The typical training loop proceeds by iterated stochastic gradient optimizer steps over the latent codes, decoders, and prior parameters, with post-hoc entropy coding (e.g., arithmetic coding) according to the learned prior (Oktay et al., 2019, Bird et al., 2021). For control, alternating minimization cycles between $\mu$ and $\nu$ updates (Bourdais et al., 2023).

A summary table:

Domain	Latent Representation	Penalty Type
Neural compression	Quantized integer weights	Discrete entropy ( $-\log_2 q$ )
Implicit scene coding	Quantized MLP weights	Discrete entropy + sharing term
Stochastic control	Probability measures	Relative entropy ( $H(\mu\\|\nu)$ )
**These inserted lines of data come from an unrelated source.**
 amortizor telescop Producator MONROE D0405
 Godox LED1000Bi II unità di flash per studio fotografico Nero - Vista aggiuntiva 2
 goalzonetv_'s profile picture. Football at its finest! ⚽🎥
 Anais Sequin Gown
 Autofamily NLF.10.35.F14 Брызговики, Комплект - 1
5. Comparative Performance and Compression Effectiveness

Empirical studies demonstrate clear advantages:

In neural network model compression, entropy penalized reparameterization achieves 19 $\times$ –606 $\times$ reduction in model size on standard benchmarks (MNIST, CIFAR-10, ImageNet) with negligible loss of accuracy, outperforming conventional pruning or quantization approaches without recourse to multi-stage procedures (Oktay et al., 2019).
For 3D scene compression, the method delivers 5–10 $\times$ smaller model size at equal or improved PSNR, MS-SSIM, and LPIPS compared to HEVC+LLFF baselines, and further gains under parameter sharing for multi-scene regimes (Bird et al., 2021).
In stochastic control, the entropy-penalized reformulation enables efficient solution of very high-dimensional problems by reducing a nonconvex strong-form program to two tractable convex subproblems, guaranteeing $O(1/k)$ convergence and preserving approximation accuracy as the penalty weight increases (Bourdais et al., 2023).
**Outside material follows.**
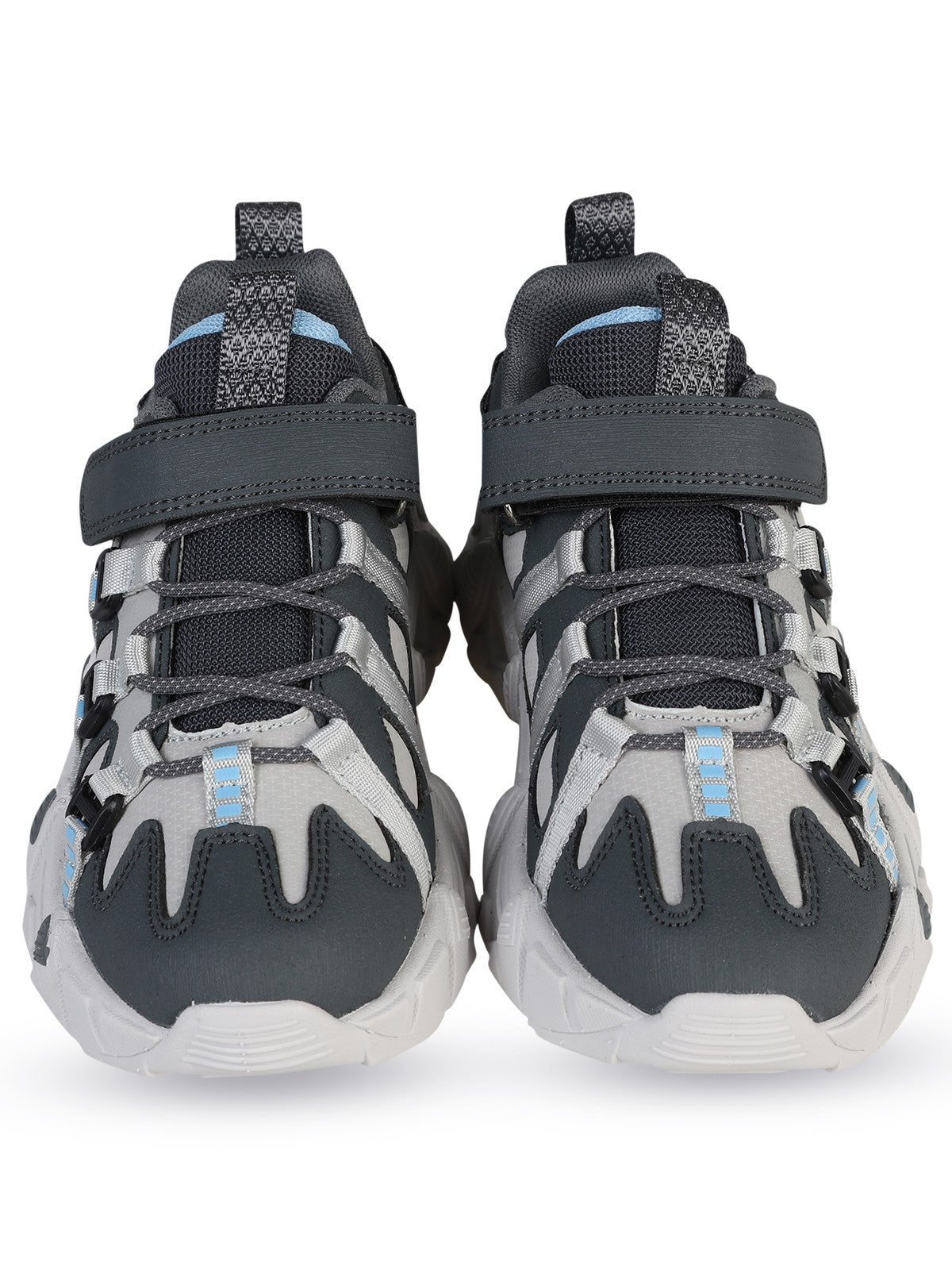 Civil Sport 31-36 Numara Spor Ayakkabı - Gri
6. Extensions, Regularity, and Theoretical Guarantees

Regularization via entropy is robust to architectural and optimization choices:

The learned prior adapts to quantization structure. If sharing or regularization is not useful for a given scene or parameter group, the prior collapses to a degenerate distribution; otherwise, it induces nontrivial structure supporting compression (Bird et al., 2021).
In control, under hypotheses of continuity, growth, and convexity, the method admits existence and convergence guarantees, making it suitable for large-scale systems with dynamics and cost functionals of significant complexity (Bourdais et al., 2023).
Extensions include parameter-tying and marginal constraints (martingale optimal transport, Schrödinger bridges), using the same basic entropy penalty mechanism (Bourdais et al., 2023).
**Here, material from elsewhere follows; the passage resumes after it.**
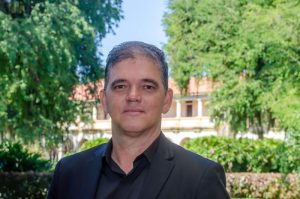 Silvio Cesar dos Santos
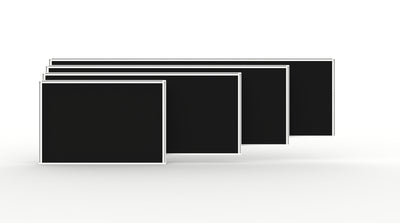 Shush30 Desk Mount Screens -   FurnX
7. Applications and Broader Impact

Entropy penalized reparameterization reframes standard compression and control problems:

In end-to-end neural compression, it offers a unified framework that enables rate-accuracy/distortion trade-offs via a simple hyperparameter sweep, integrating seamlessly with neural architectures and providing practical post-training coding (Oktay et al., 2019, Bird et al., 2021).
For neural radiance fields, it permits implicit, differentiably compressed 3D representations with fast, decoder-free rendering at test time (Bird et al., 2021).
In high-dimensional stochastic optimization and control, it allows decoupling and efficient solution of problems that would otherwise require direct solutions of intractable PDEs or backward equations (Bourdais et al., 2023).

A plausible implication is that this approach, by combining reparameterization, learned probability modeling, and direct entropy penalization, is broadly applicable to settings that require controllable trade-offs between fidelity and compressibility or between optimization quality and tractability.